今から8年ほど前になるでしょうか、私は外国人のホームステイ先として自宅を提供するというボランティアを始めました。
今日はその体験について書きたいと思います。

正確に言うと、ホームステイの受け入れは、最初は1回限りのつもりだったのです。それがなんだか気になって、もう一回もう一回…と続けていくことになった、という感じでした。なんだかんだで、5年間で4か国7人の子どもから大人(12~23歳)まで受け入れをしました。期間は3日~1か月くらいでした。

ここ最近はしていないのですが、それは受け入れる機会がなくなったからです。受け入れ先は子どもの学校関係や習い事からの依頼が主だったのですが、子どもが卒業してしまったので、機会がなくなりました。今もまた機会があればやりたいなと思っています。

ここまで前置きしたのは、どんな経緯で私がホームステイの受け入れに一時期はまったかということを書いた方が良いかなと思ったからです。そのくらい異文化交流というものは、私にとって刺激的な体験になりました。

(そもそも、なぜそんなボランティアをしようとおもったか…などについては長くなるので、また別の機会に書きたいと思います)

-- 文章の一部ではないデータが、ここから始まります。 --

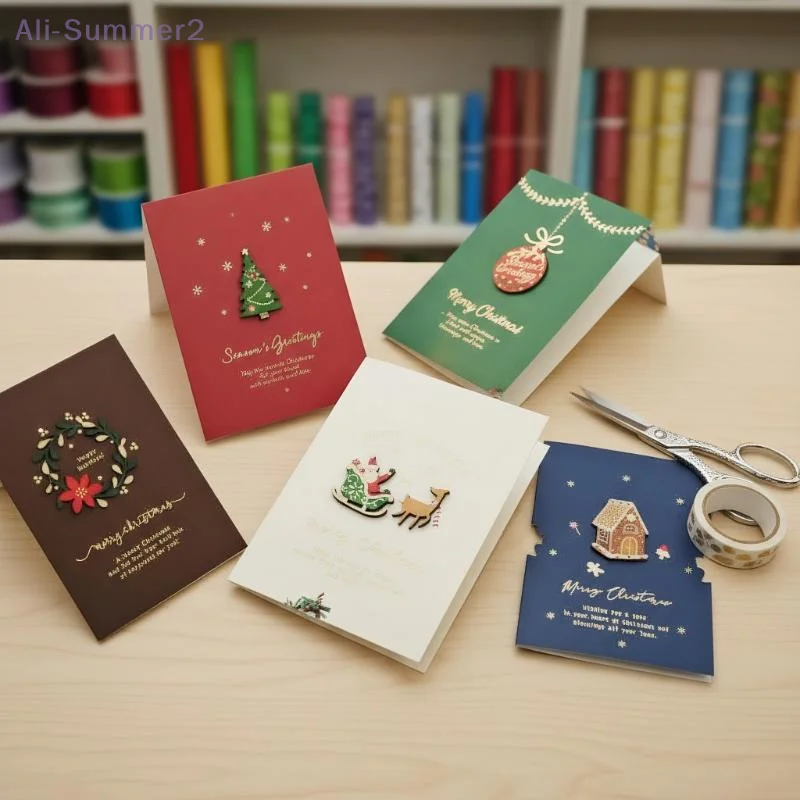 مجموعة بطاقات عيد ميلاد سعيد مع مغلف رغبات السنة الجديدة هدايا عيد الميلاد بطاقات بريدية تزيينية لعيد الميلاد لعيد الميلاد 2026 #3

今日は、その体験で私や私の周辺にどういう変化があったかということを中心に書きたいと思います。


自分は思っていた以上に日本人だった

私は日本以外の国に住んだことがありません。
でもそのことについて、深く考えたこともありませんでした。

最初、ホームステイの受け入れをしようと思ったとき、不安もありましたが、どちらかというとポジティブな感情を持っていて、おそらくそれは日本人的な「おもてなし」精神満載だったのだろう…と今振り返ってみると思います。とにかく喜んでもらおうと考え、娘・息子といろいろ準備してその日を待ちました。

しかし、結果は散々でした。

我が家にステイした子(アメリカ人15歳女の子)は、私と家族が準備したものをことごとく喜ばず、会話もあまりなく(向こうからは話しかけてもず、こちらが話しかけてもすぐに会話は終了💦)、2週間のホームスティは終わりました。このボランティアは、市から学校にお知らせがあったものに参加したもので、受け入れたお子さんは、自国の友達と一緒に来ており、日中はその子たちとずっと日本観光をして、我が家には寝るために帰ってくるだけだったのです。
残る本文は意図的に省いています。